When a date column is used in its native format, it is usually converted by an R model to an integer.
It can be re-engineered as:
Days since a reference date
Day of the week
Month
Year
Indicators for holidays
General definitions
Data preprocessing steps allow your model to fit.
Feature engineering steps help the model do the least work to predict the outcome as well as possible.
The recipes package can handle both!
In a little bit, we’ll see successful (and unsuccessful) feature engineering methods for our example data.
Prepare your data for modeling
The recipes package is an extensible framework for pipeable sequences of feature engineering steps that provide preprocessing tools to be applied to data.
Statistical parameters for the steps can be estimated from an initial data set and then applied to other data sets.
The resulting processed output can be used as inputs for statistical or machine learning models.
A first recipe
cell_rec <-recipe(class ~ ., data = cell_tr)

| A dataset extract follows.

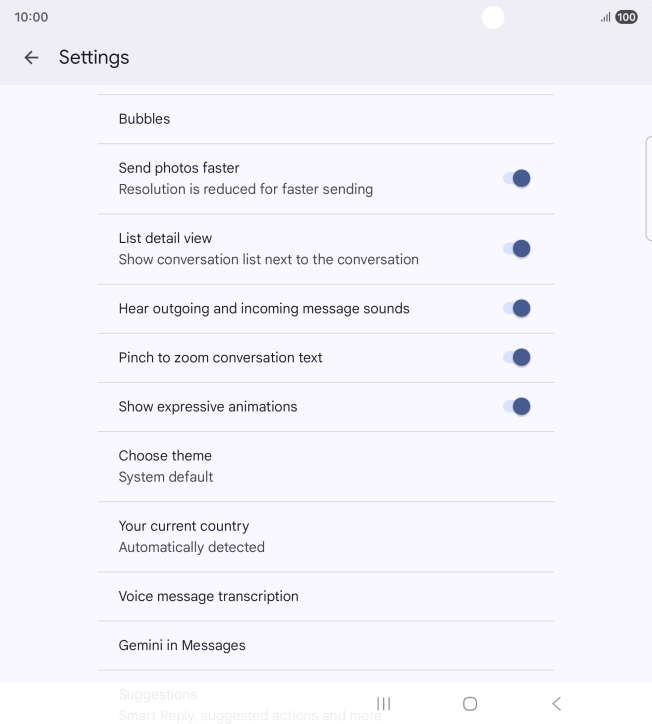 Press Gemini in Messages.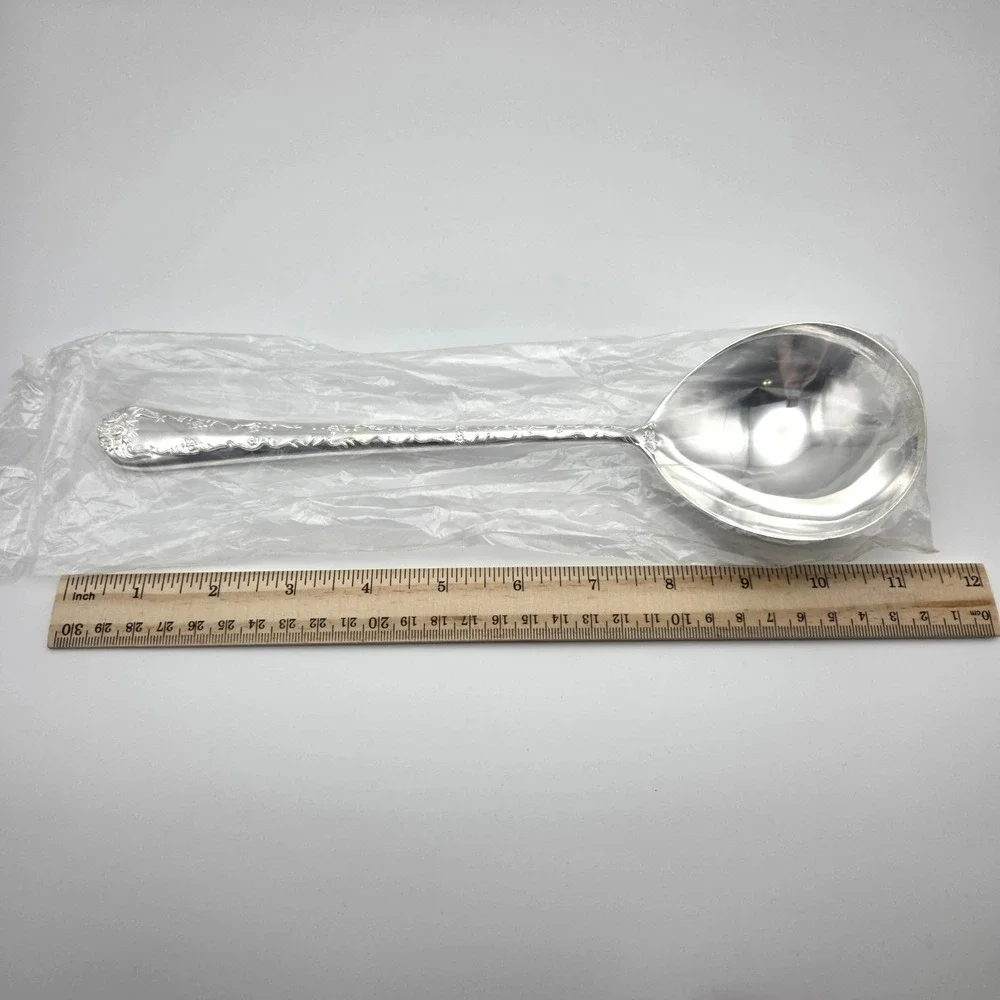 WM. Rogers & Son Enchanted Rose Silverplate Serving / Casserole Spoon 11"  NEW - Picture 6 of 7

The recipe() function assigns columns to roles of “outcome” or “predictor” using the formula
Typically, you will want to use a workflow to estimate and apply a recipe.
If you have an error and need to debug your recipe, the original recipe object (e.g. pca_rec) can be estimated manually with a function called prep(). It is analogous to fit(). See TMwR section 16.4
Another function (bake()) is analogous to predict(), and gives you the processed data back.
The tidy() function can be used to get specific results from the recipe.
More on recipes
Once fit() is called on a workflow, changing the model does not re-fit the recipe.